A journalist who has covered both Vietnam and the Iraq war spoke this week at a symposium on Martin Luther King Junior at Grinnell University. Robert Hodierne, a Grinell College graduate, says there are some similarities that immediately stick out about Vietnam and Iraq.

Hodierne says we got into both wars based on a misunderstanding or misrepresentation of what the threats were, and in neither case had a clear understanding of what the enemy was and what the issues were, which made it hard to formulate a plan to proceed to victory.

Hodierne says the Vietnam war provided unprecedented access for journalists to the action. He says the Iraq war began that way with embedded journalists. Hodierne says as the Iraq war has worn on, the rules haven’t changed, but logistically it is very difficult to get out with the units in the field. The Vienam war was the first where photographs and film from journalist like Hodierne were brought directly into the living rooms of Americans.

Hodierne says technology has made it easier, and faster, to get photos back from Iraq — but we don’t see many images of the fighting. He says you see "surprisingly few" bloody pictures from the war, and he says that’s because the logistics have made it dangerous for reporters to get out into the field. And Hodierne says the fighting in the war in different.

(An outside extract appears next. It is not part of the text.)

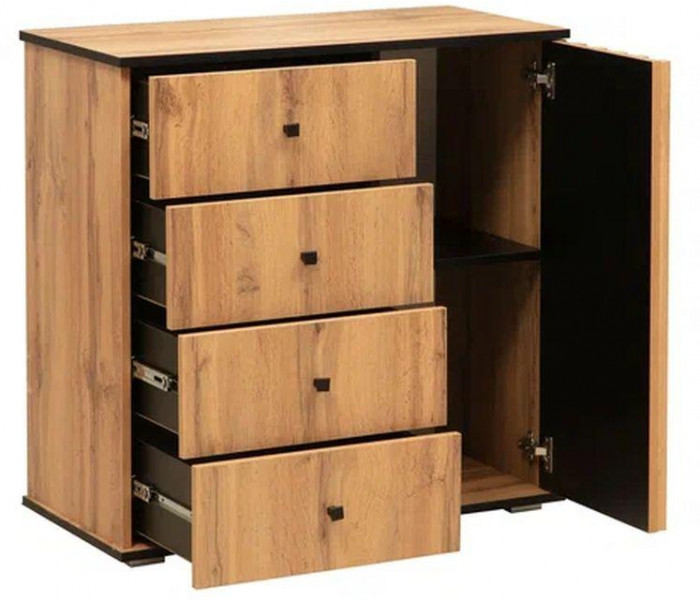 Комод Либерти 51.05 (опора h20) Дуб вотан/Черный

Hodierne says the fighting in Vietnam included battles that lasted for days and a photographer could get out to the battle and back. He says the Iraq battles are mostly individual bombs that explode, and unless you’re right there at the time, you don’t get many combat pictures. Hodierne has been a journalist for 35 years and has worked as a writer, editor and photographer for a number of newspapers, wire services, magazines, radio and television stations, and Internet publications.